Cynic – Kindly Bent to Free Us

Cynic - Kindly Bent to Free Us

Cynic - Kindly Bent to Free UsIl fatto che i Cynic si siano sciolti subito dopo aver dato alle stampe un capolavoro come “Focus” carica certamente ogni loro nuova fatica di grande aspettativa. Se a ciò si aggiunge che dopo la reunion, oltre ad un buon “Traced in Air”, abbiamo ottenuto quasi esclusivamente qualche vecchia canzone riarrangiata e poco degna di nota, l’attesa di questa loro nuova fatica si fa insopportabile per gli amanti della band.

Se “Carbon-Based Anatomy” non fosse bastato a far capire che non ci sarebbe stata più alcuna traccia di death-metal nella discografia dei Cynic, allora i tre singoli che hanno anticipato l’album avrebbero dovuto far perdere ogni speranza, anche a coloro che si sarebbero accontentati giusto di un po’ di metal tout court. E “Kindly Bent to Free Us” si presenta difatti come un album molto più tendente al progressive rock. Sembrerebbe quasi che le esperienze maturate nel corso degli anni dal trio si siano condensate in questo loro ultimo full-length, cosicché vi si possa sentire sia qualche atmosfera e sprazzo più alternative rock alla Æon Spoke, che qualche giro fusion che ricorda i Gordian Knot – d’altronde Sean Malone è prima di tutto un bassista jazz/fusion, e ha un tocco talmente personale che risulterebbe impossibile non distinguerlo da quello di altri bassisti.
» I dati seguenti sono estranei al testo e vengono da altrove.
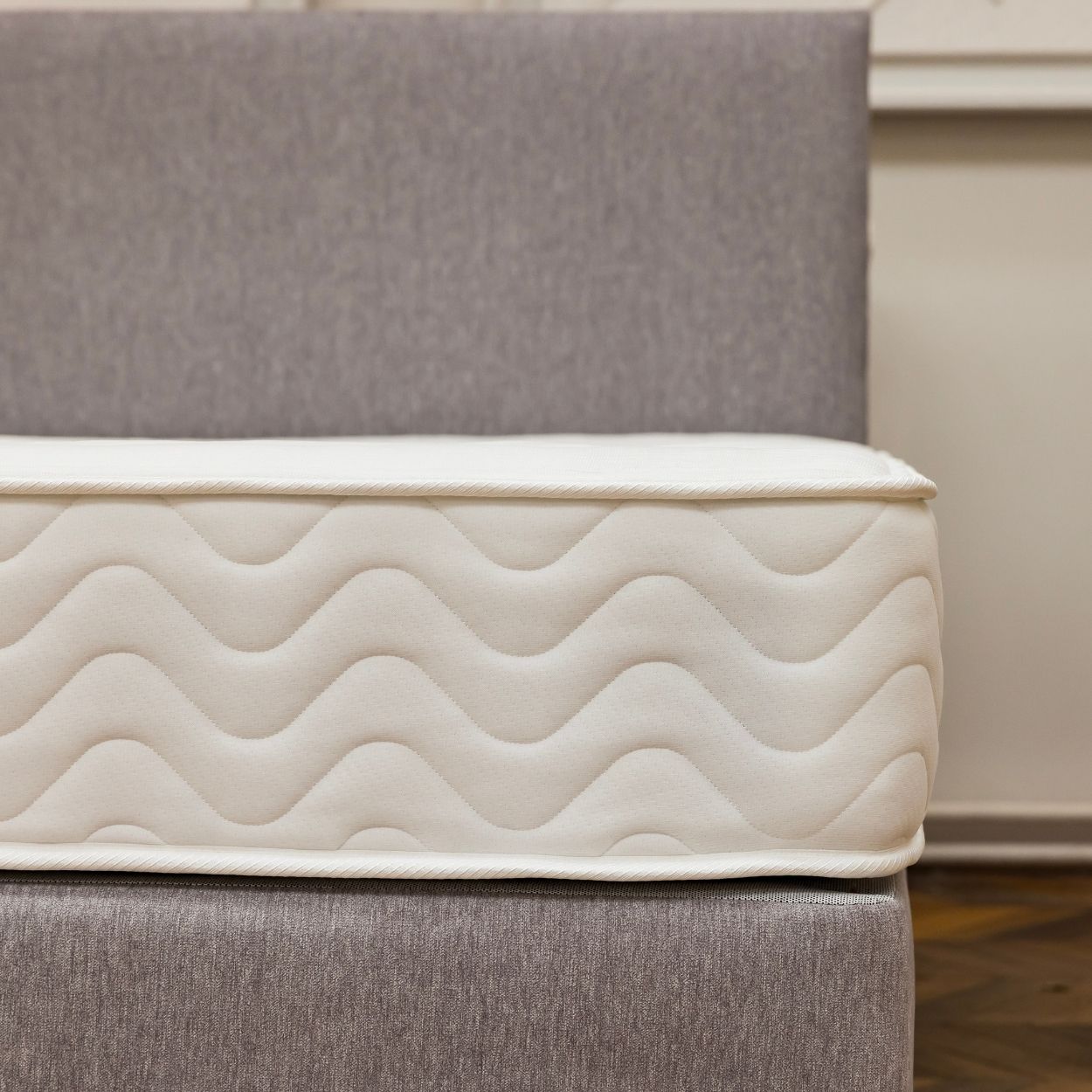 Single (3ft) DFI Beds Ashgrove Divan Bed and Headboard Grey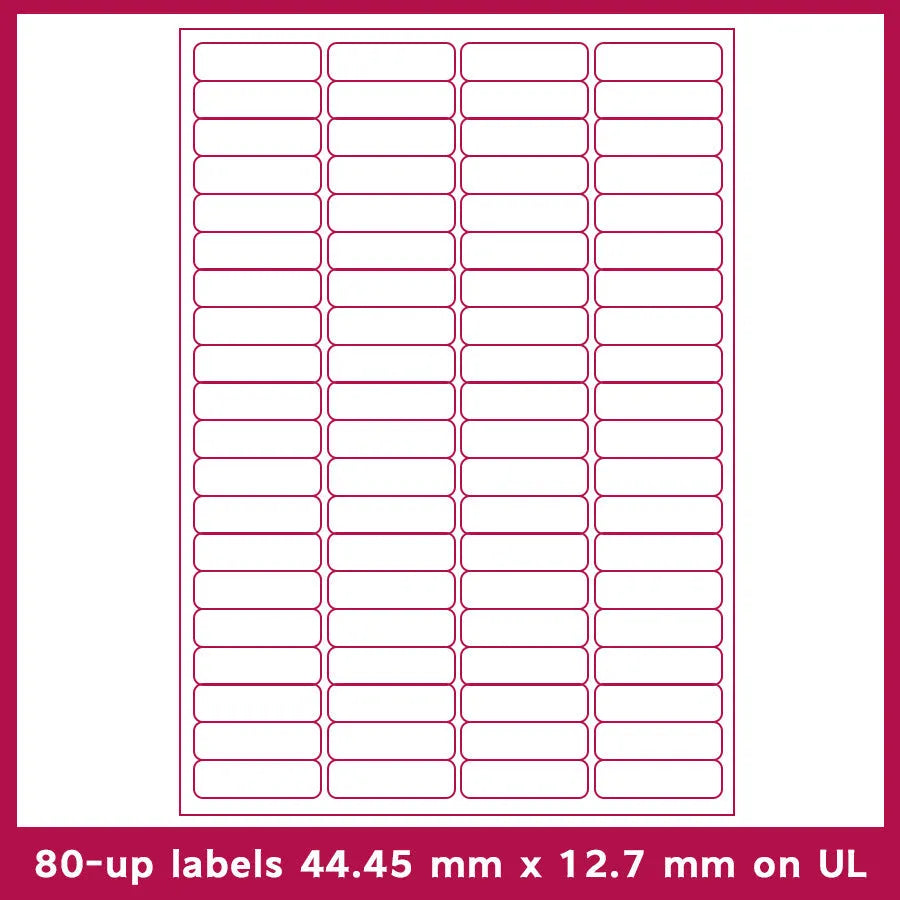 FBA barcode labels paper A4 sheets in multiple grid formats for Amazon serial numbers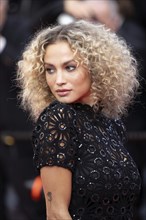 Cannes, France, 16.5.2024: Rose Bertram at the premiere of Megalopolis on the red carpet of the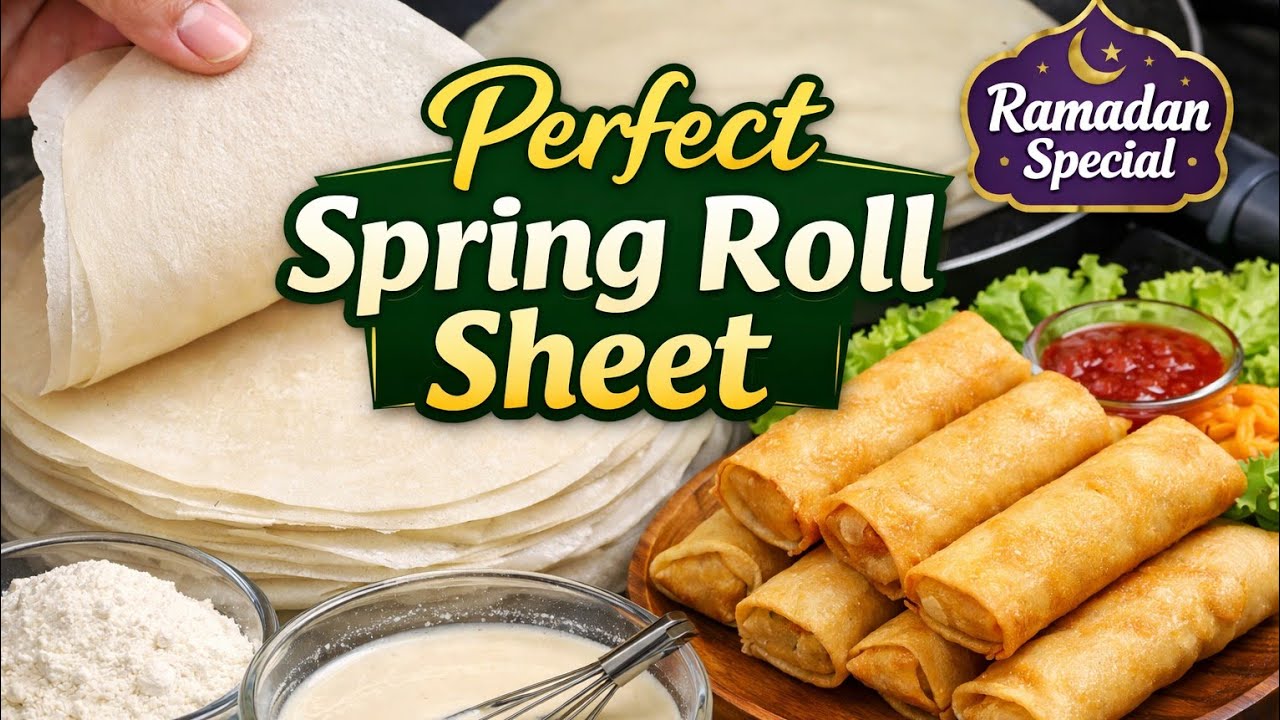 Spring Roll Sheet Ghar Par Kaise Banaye | Easy & Soft Patti | Iftar Special Bazar Spring Roll Patti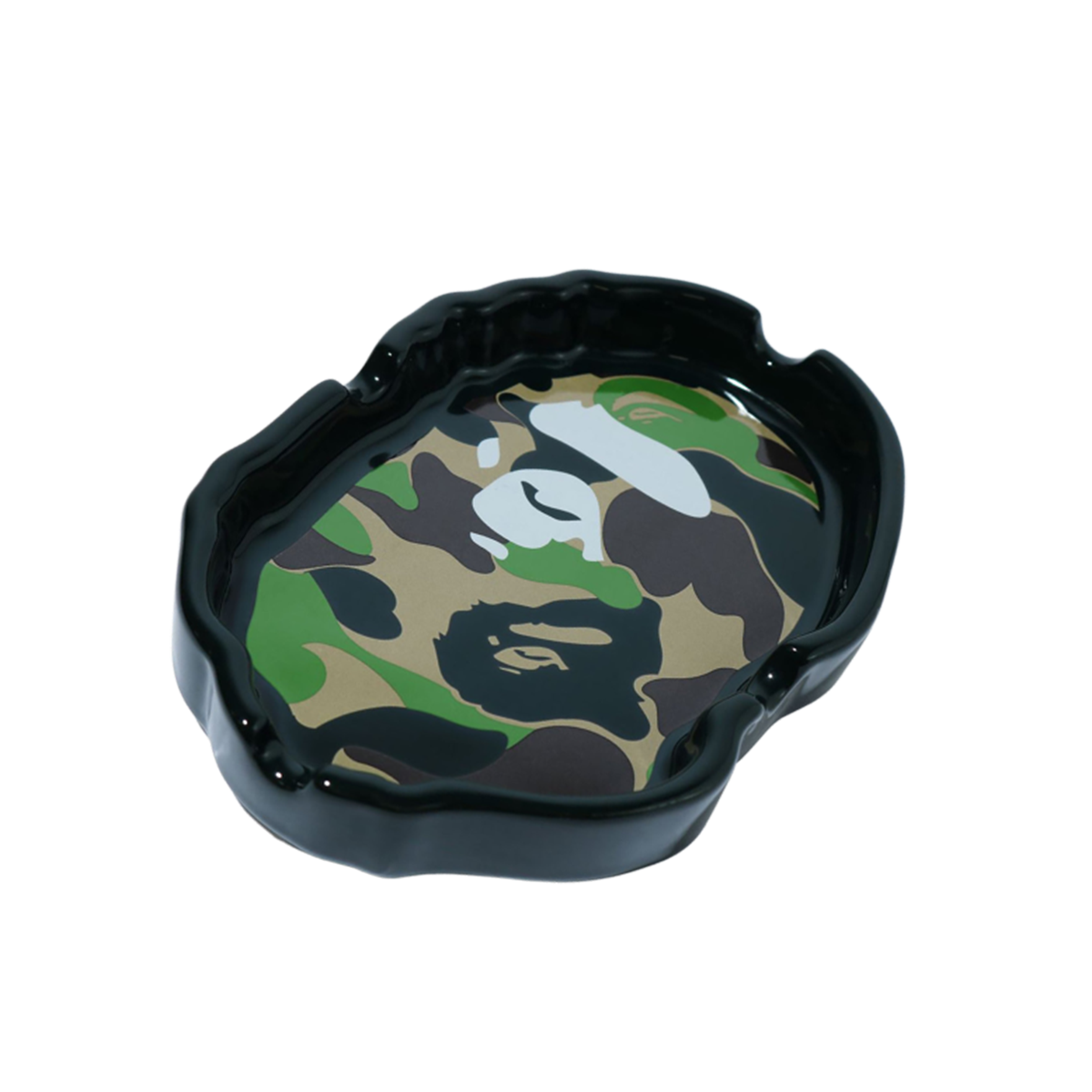 BAPE ABC Camo Ape Head Ashtray Green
L’altro tratto estremamente distintivo del loro sound rimane la voce di Masvidal che viene, risultando un po’ noiosa a lungo andare, continuamente effettata con un vocoder nonostante il cantante/chitarrista ormai possa probabilmente farne a meno. È stato invece eliminato ogni minimo spunto tribale che era comparso in “Carbon-Based Anatomy” e che derivava forse dall’avventura dei membri dei Cynic con gli Aghora.

Dopotutto “Kindly Bent to Free Us”, nonostante rappresenti una svolta rispetto ai precedenti lavori del gruppo, era abbastanza prevedibile. Il problema dell’album è che, nel complesso, suona abbastanza scialbo e poco incisivo, soprattutto nella sua seconda parte, durante la quale l’attenzione dell’ascoltatore cala parecchio. E anche nella prima metà le uniche due tracce veramente riuscite bene sono Kindly Bent to Free Us e Infinite Shapes. La title track è forse la più rappresentativa dell’intero disco, mentre la seconda presenta sonorità futuristiche grazie ad un intelligente utilizzo dei sintetizzatori che, purtroppo, rimane isolato.

In definitiva, il problema dei Cynic post-“Traced in Air” è quello di non riuscire a dare organicità al proprio lavoro, producendo sempre qualcosa di poco omogeneo e che ha sempre il difetto di suonare come incompleto.